About this task
In the data below, reproduce everything exactly except the images.

Available data
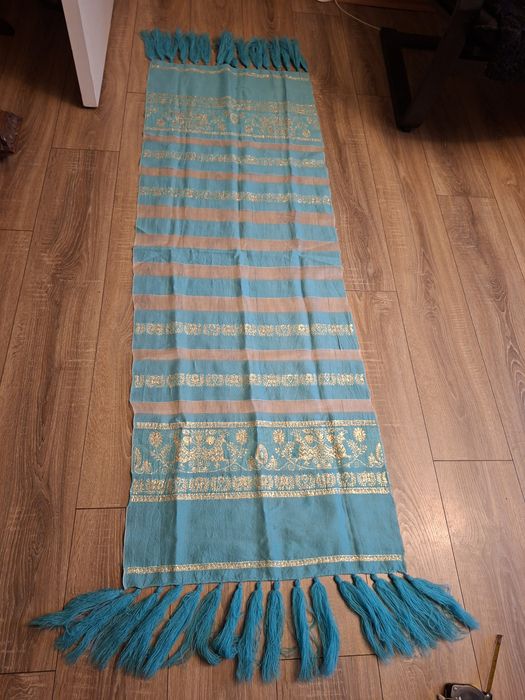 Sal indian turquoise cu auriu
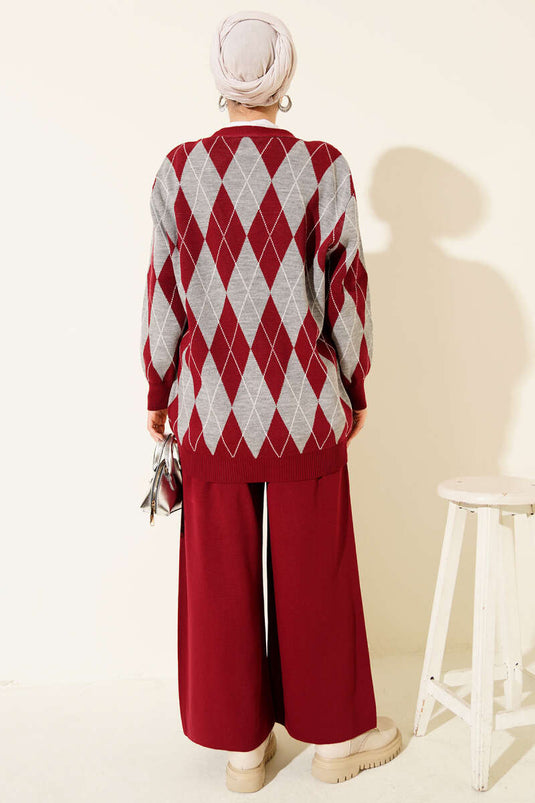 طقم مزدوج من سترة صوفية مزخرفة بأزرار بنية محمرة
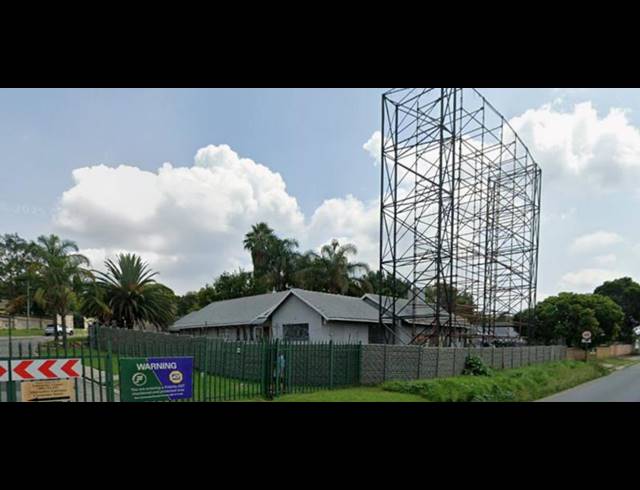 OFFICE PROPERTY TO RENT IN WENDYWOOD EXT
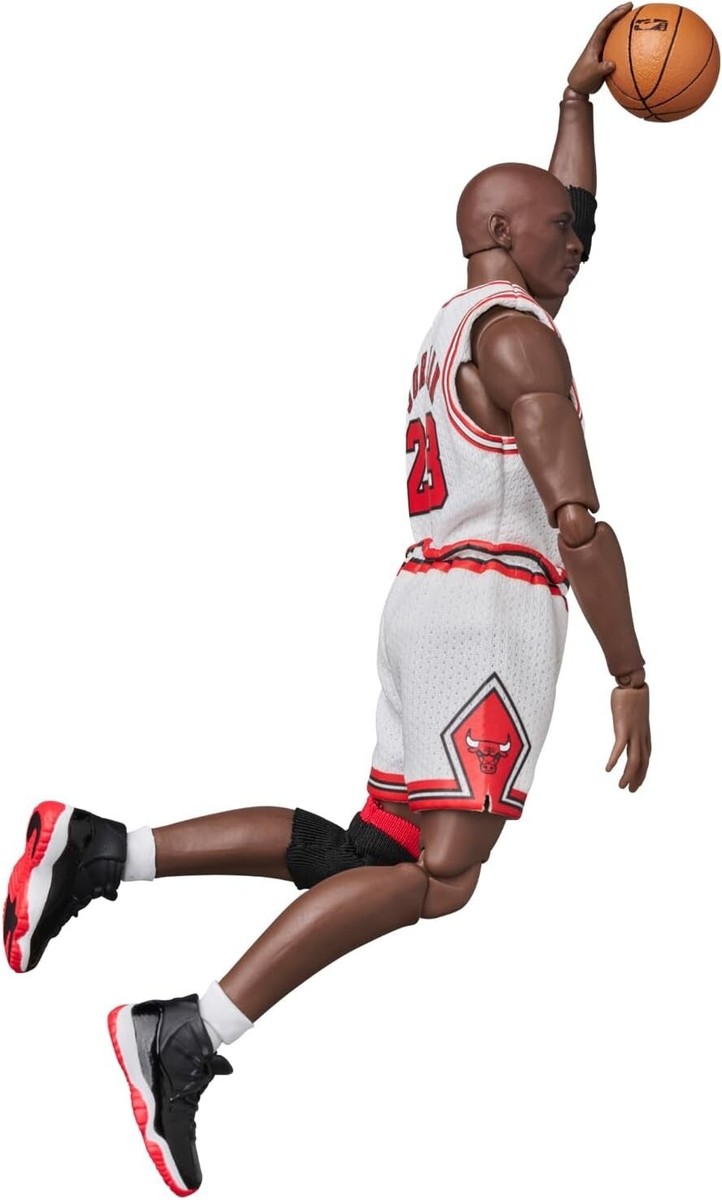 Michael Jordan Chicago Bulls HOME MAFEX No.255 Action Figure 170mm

Written reply
 Sal indian turquoise cu auriu
 طقم مزدوج من سترة صوفية مزخرفة بأزرار بنية محمرة
 OFFICE PROPERTY TO RENT IN WENDYWOOD EXT
 Michael Jordan Chicago Bulls HOME MAFEX No.255 Action Figure 170mm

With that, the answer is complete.